Azure Data Factory Use Cases
The following are some examples of how Azure Data Factory might be used:
- Supported by using in projects involving advanced analytics data migration.
- Can be used to switch the EEL process from using SQL server integration services to additional data.
- It is a potential method for transferring data from a client’s server or internet data to an Azure Data Lake. To coordinate the flow of data from the source to the target, you establish pipelines.
- It is one of the most well-known ETL tools that may be used to perform a variety of data integration operations.
- In addition to supporting analysis and reporting through Power BI, it can be used to integrate data from various ERP systems and load it into Azure Synapse for reporting.
- The extremely well-integrated ADF tools enable speedy development of ETL, big data, data warehousing, and machine learning solutions with the flexibility to grow and adapt to new or enhanced requirements. You just pay for what you use when using Data Factory. In actuality, pipeline orchestration and execution are what determine pricing for data pipelines.

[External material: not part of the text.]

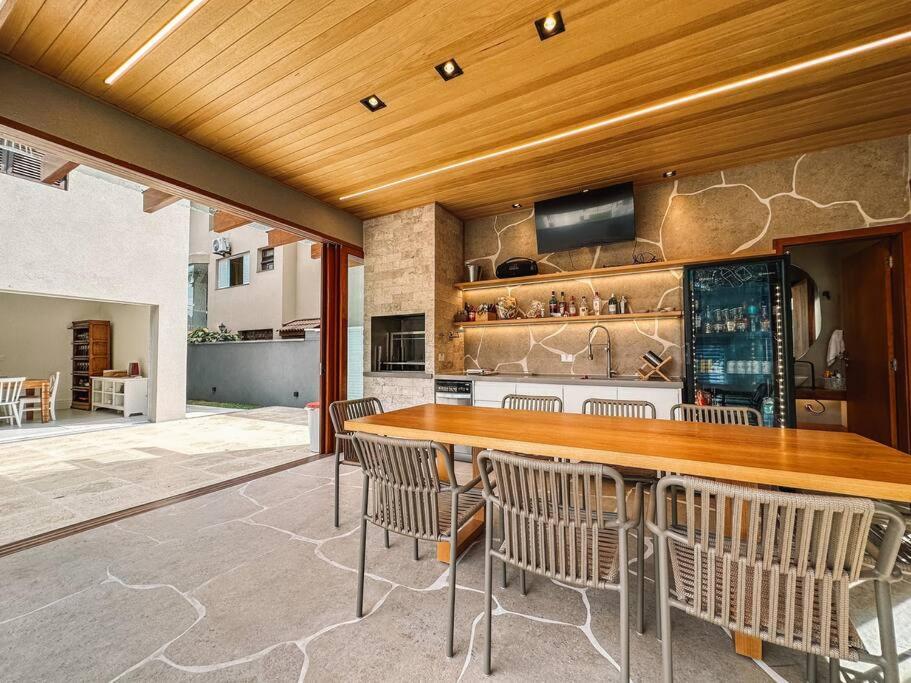 Casa linda com piscina em Riviera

You only pay with Data Factory for what you require. In reality, pipeline orchestration and execution are what determine data pipeline pricing.
- Pipeline orchestration
- Executing and troubleshooting data flows
- Functions performed by the Data Factory, including pipeline creation and pipeline monitoring
Cloud data and on-premises data may be readily integrated with Azure Data Factory. Any data platform, cloud, and machine learning project must use the tool.
Data Factory offers advantages, including improved security, productivity, and cost-cutting. It is also highly automated and simple to use.